LA SENTENZA, REDATTA DAL CHIEF JUSTICE ROBERT REED, HA FATTO SEGUITO A UN RICORSO DI CHRISTIE ELAN-CANE, UN’ATTIVISTA “NON SESSISTA”

 

Un collegio di cinque giudici della Corte suprema (The Supreme Court) del Regno Unito ha convenuto all’unanimità che l’articolo 8 della Convenzione europea dei diritti dell’uomo non obbliga un paese a includere un’opzione non sessista (“X”) nei suoi passaporti.

La sentenza, redatta dal Chief Justice Robert Reed, ha fatto seguito a un ricorso di Christie Elan-Cane, un’attivista che ha chiesto al tribunale di rivedere una decisione del 2020 della Corte d’appello per l’Inghilterra e il Galles che era giunta alla stessa conclusione.

Elan-Cane è nata biologicamente come donna e, dopo una doppia mastectomia e isterectomia più di tre decenni fa, ora si identifica come “non sessista”.
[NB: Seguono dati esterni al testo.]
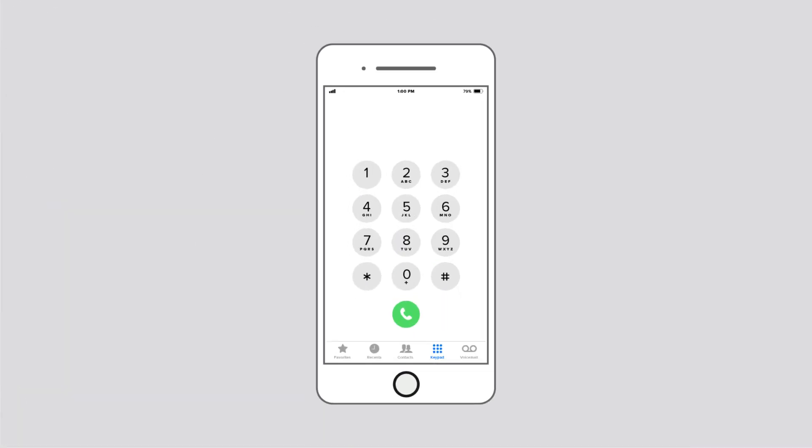First, grab a pen and paper, or record these numbers in your phone. Open your dialing pad and enter: star, 3, 0, 0, 1, pound, 1, 2, 3, 4, 5, pound, star — and then click call.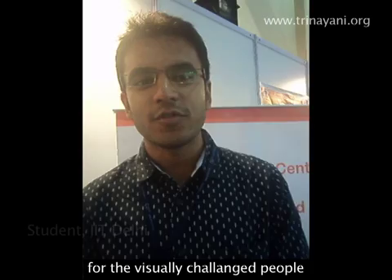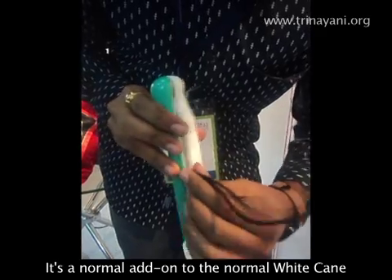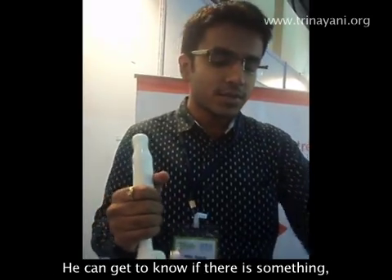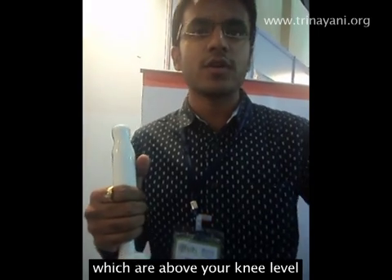We are making technologies much more accessible for the visually challenged people. One of the products in the market is a smart cane. It's a normal add-on to the normal white cane that people are using. If there is a person walking with a normal white cane, he can get to know there are stones on the ground, but he won't be able to identify obstacles which are above knee level.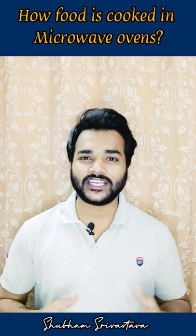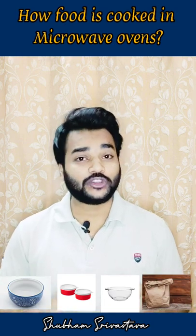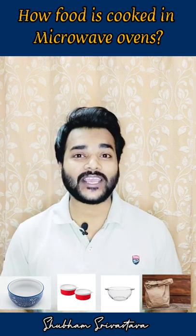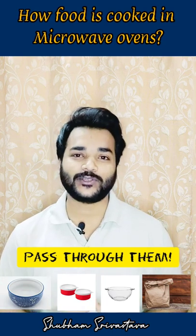If we talk about the food containers, they are generally made up of ceramics, plastics, glass, or paper. They don't get heated because microwaves actually pass through them, resulting in no heat being produced.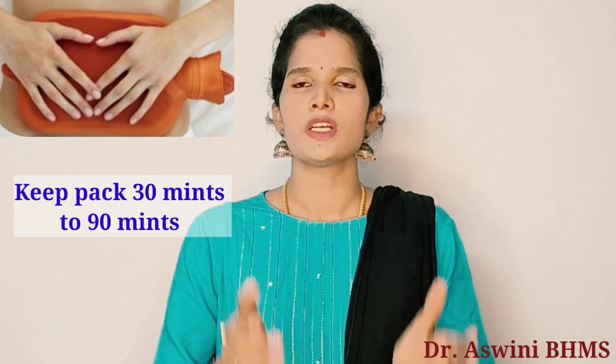Minimum 30 minutes will be okay. 30 minutes will be done. Suppose you have maximum 40 minutes or 50 minutes — that will also be done.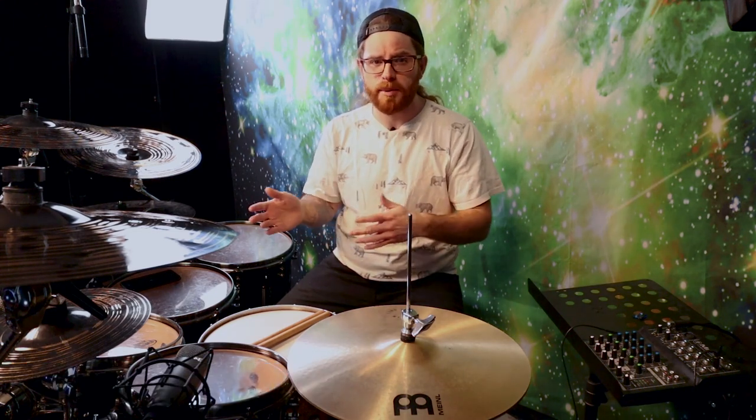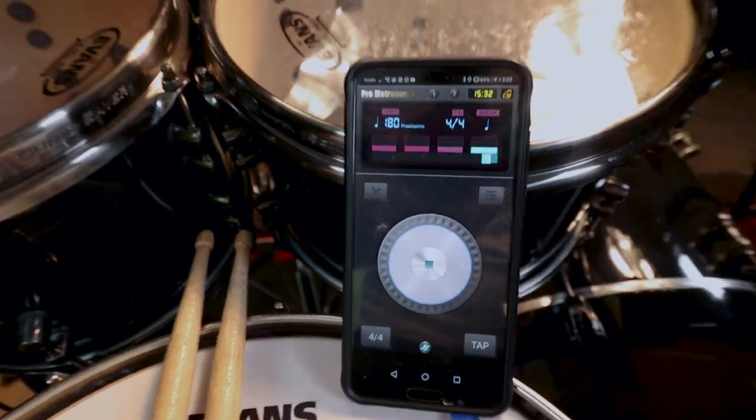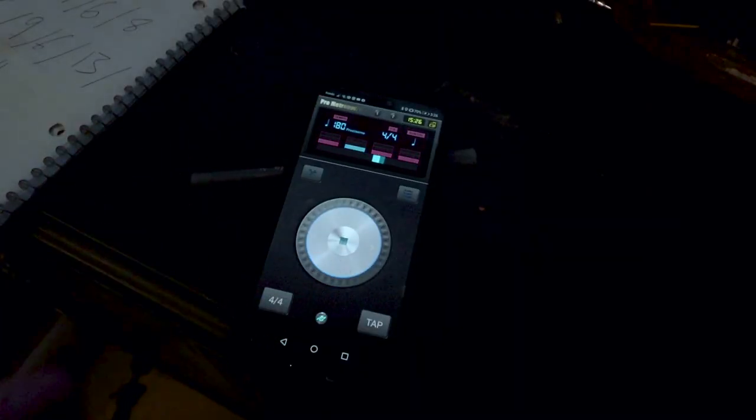The next thing we need to incorporate into our practice routine is definitely a metronome. If you're practicing any rudiments, stickings, or beats, you want to make sure you practice with a metronome. Metronomes don't lie and can really bring out some bad flaws in us. It can be embarrassing when you think you've got a drum part down and then the metronome says otherwise. That's why it's important — we learn the structure and can develop our own groove from the space and time between each note.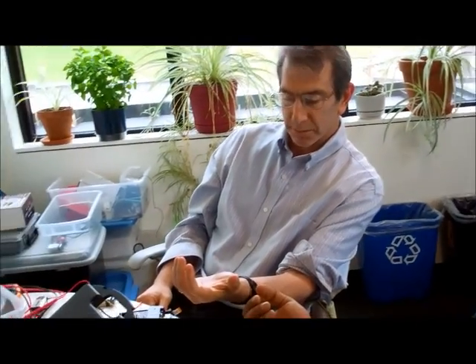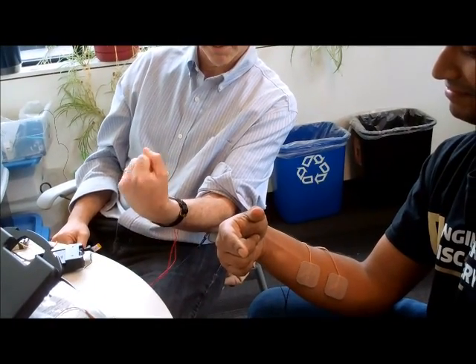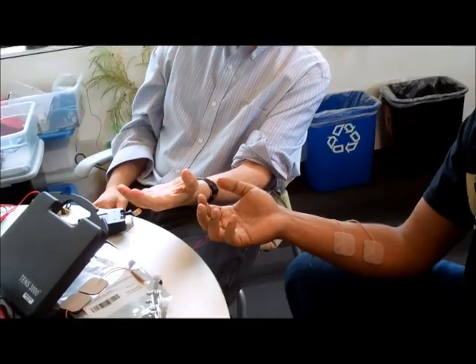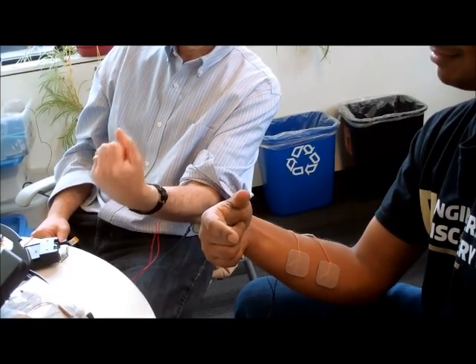Here I'm going to contract my muscle. His muscle contracted and now I'll let go. We'll do it one more time — contracting my muscle now. And there goes his muscle. And release. Thank you.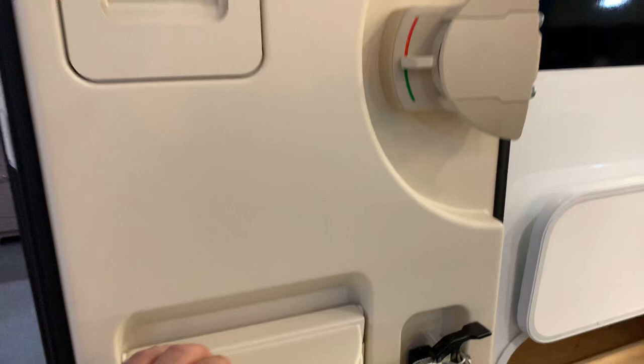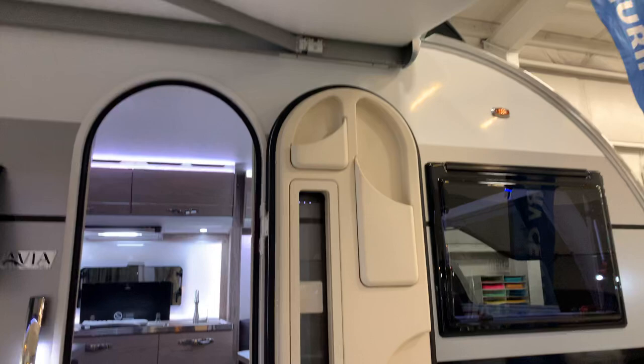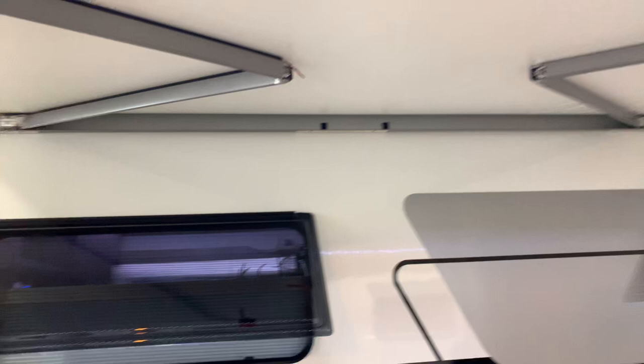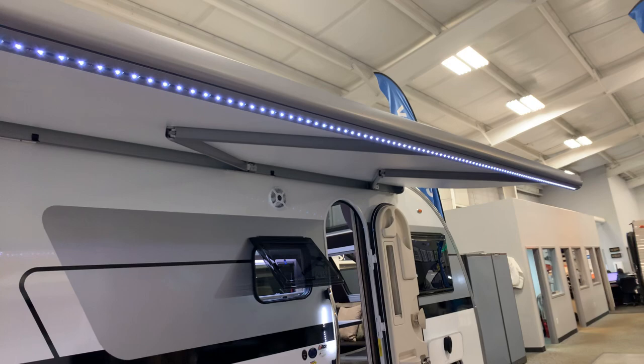Scrolling up to the awning — notice what's different: there are no arms going down to the camper. This is a totally armless type awning. It's eight and a half feet wide — not a seven and a half or seven-foot awning like a lot of them. So you're going to get lots of coverage over there.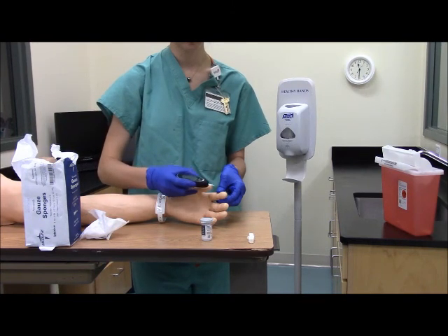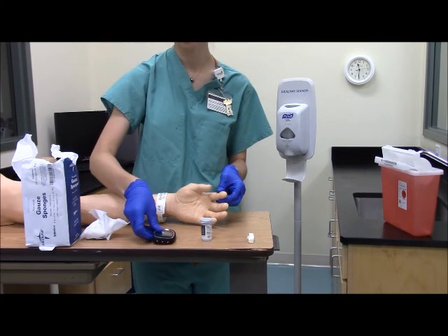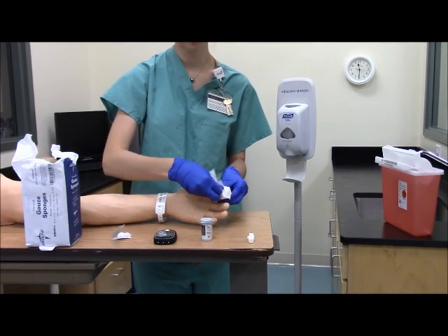You want to gently touch a drop of blood to the pad of the test strip without smearing it. Apply pressure to the puncture site with a cotton ball or a dry gauze — make sure you do not use an alcohol wipe.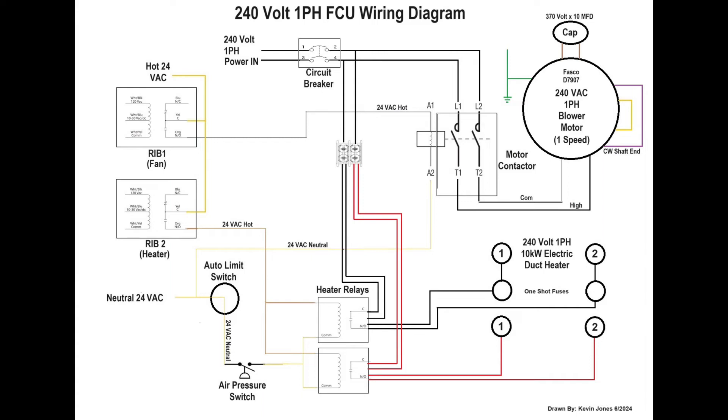Here's our wiring schematic. The 240-volt single-phase power comes in to an onboard circuit breaker. On the output of that circuit breaker, you have two hot leads that provide power to the motor contactor. You also have two hot leads coming off the output side of the circuit breaker going to a screw terminal block, which provides that 240-volt single-phase power to your heater relays.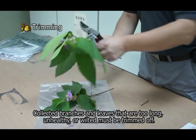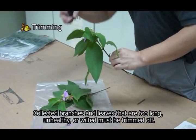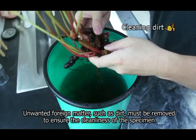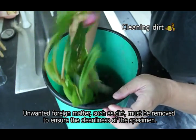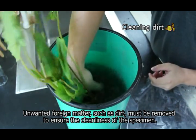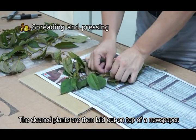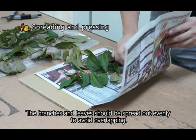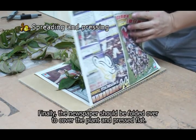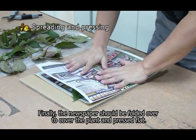Collected branches and leaves that are too long, unhealthy, or wilted must be trimmed off. Unwanted foreign matter, such as dirt, must be removed to ensure the cleanliness of the specimen. The cleaned plants are then laid out on top of a newspaper, and the branches and leaves should be spread out evenly to avoid overlapping. Finally, the newspaper should be folded over to cover the plant and pressed flat.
L’assurda battaglia legale di Elan-Cane sui passaporti risale al 2017, quando ha affermato che la non inclusione di un’opzione di terzo genere nei passaporti britannici a suo avviso violava gli articoli 8 e 14 della Convenzione europea dei diritti dell’uomo.

Elan-Cane ha annunciato l’intenzione di impugnare la sentenza davanti alla Corte europea dei diritti dell’uomo di Strasburgo (Francia) sostenendo che “il governo e il sistema giudiziario del Regno Unito sono dalla parte sbagliata della storia”.